Short text fragments from websites:
##############################
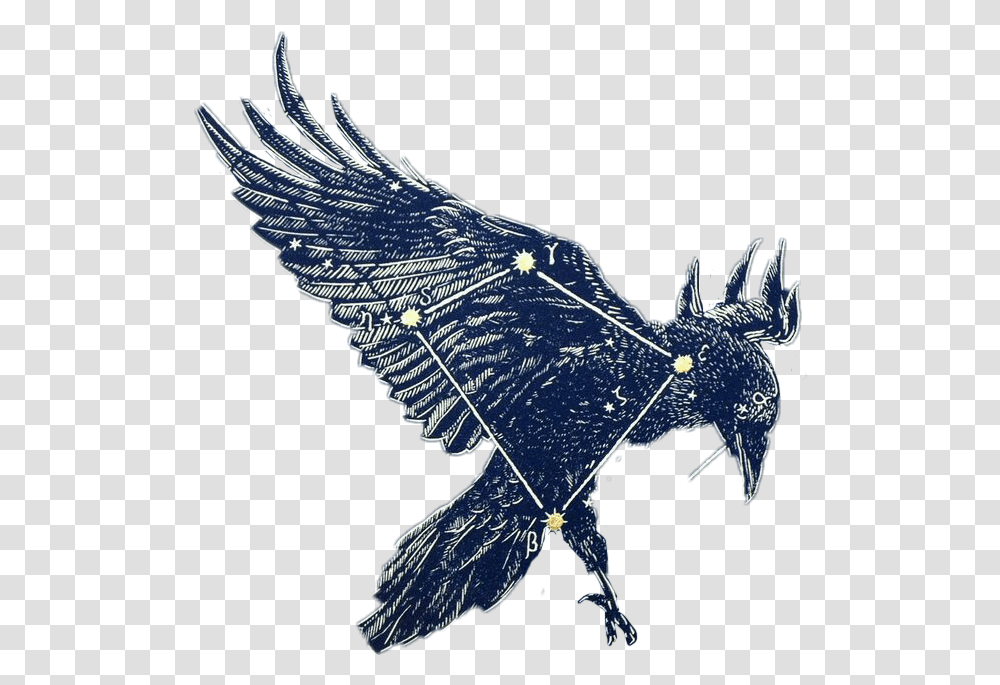 Corvus Constellations Stars Blue Astronomy Corvus Corvus Constellation, Bird, Animal, Art Transparent Png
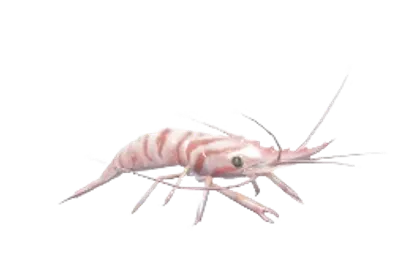 Camarón marino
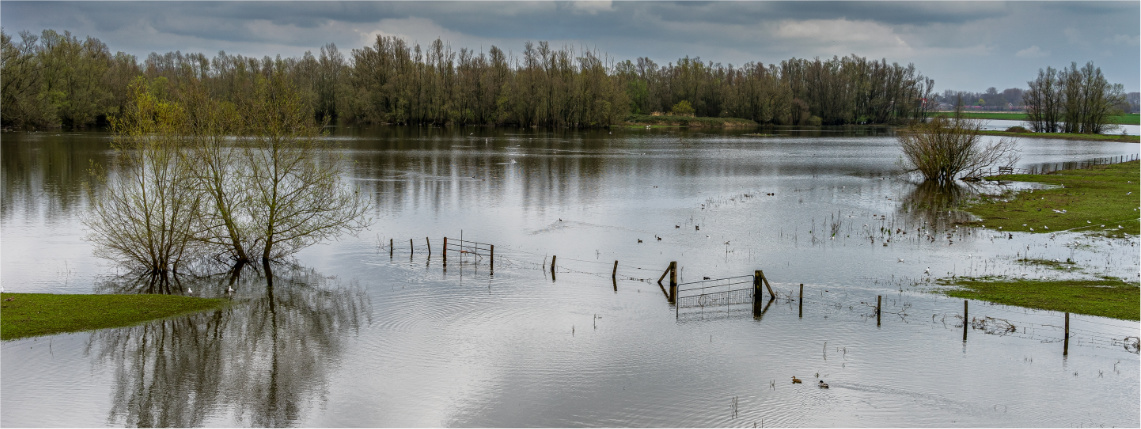 Zalane wodą pola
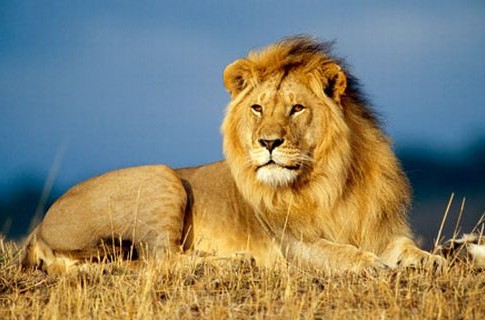 Уже в эти выходные ко львам запустят зрителей. Фото givotnie.com
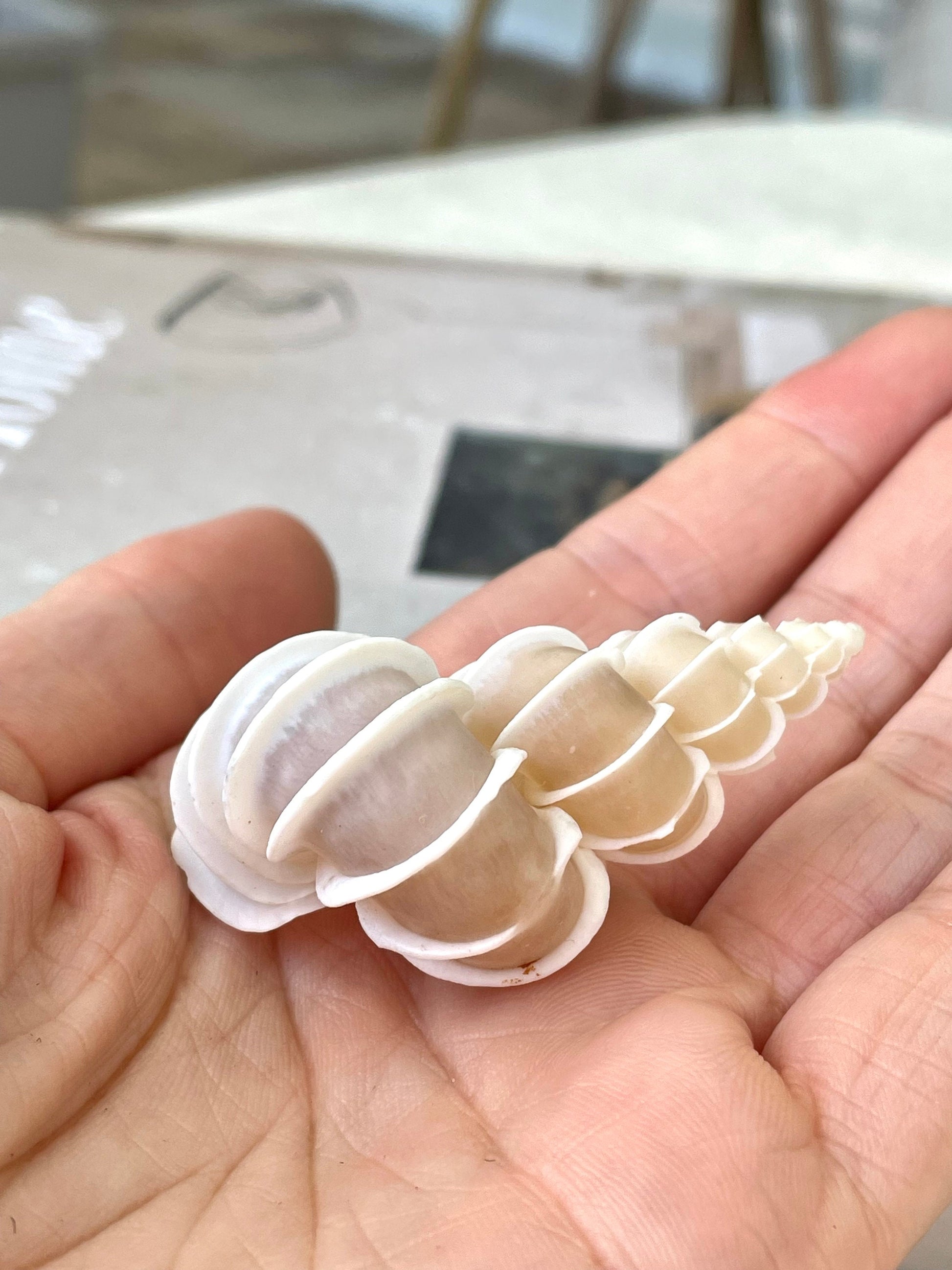 Precious Wentletrap Shell .75-2.25" *You choose Size* Natural Beige Seashell, Collectors Display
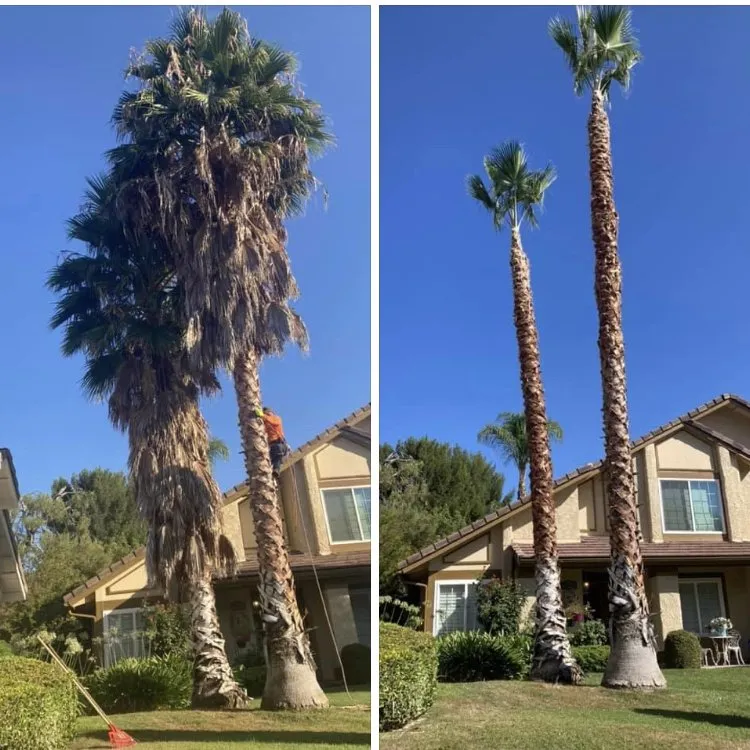 Affordable yard cleanup service in Santa Clarita, CA by Erik's Tree Service & Brush Clearance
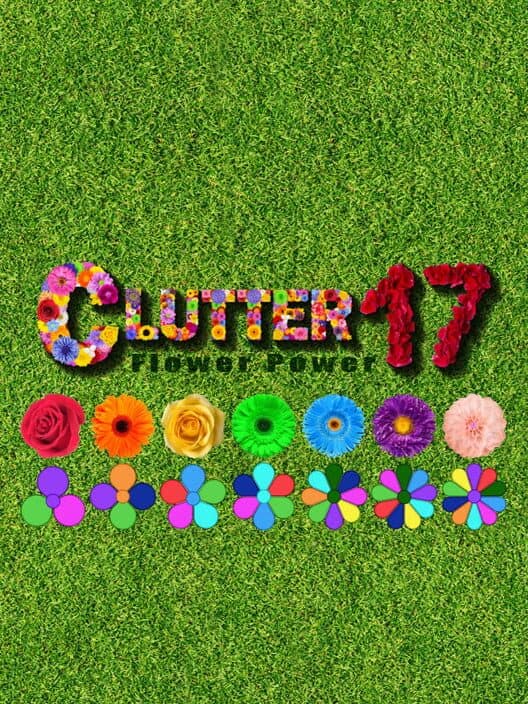 Clutter 17: Flower Power Collector's Edition cover art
##############################
Look above for the line with "Camarón marino"; quote it and every line after it, stopping after the line with "Affordable yard cleanup", exactly, with nothing added and without pictures.

 Camarón marino
 Zalane wodą pola
 Уже в эти выходные ко львам запустят зрителей. Фото givotnie.com
 Precious Wentletrap Shell .75-2.25" *You choose Size* Natural Beige Seashell, Collectors Display
 Affordable yard cleanup service in Santa Clarita, CA by Erik's Tree Service & Brush Clearance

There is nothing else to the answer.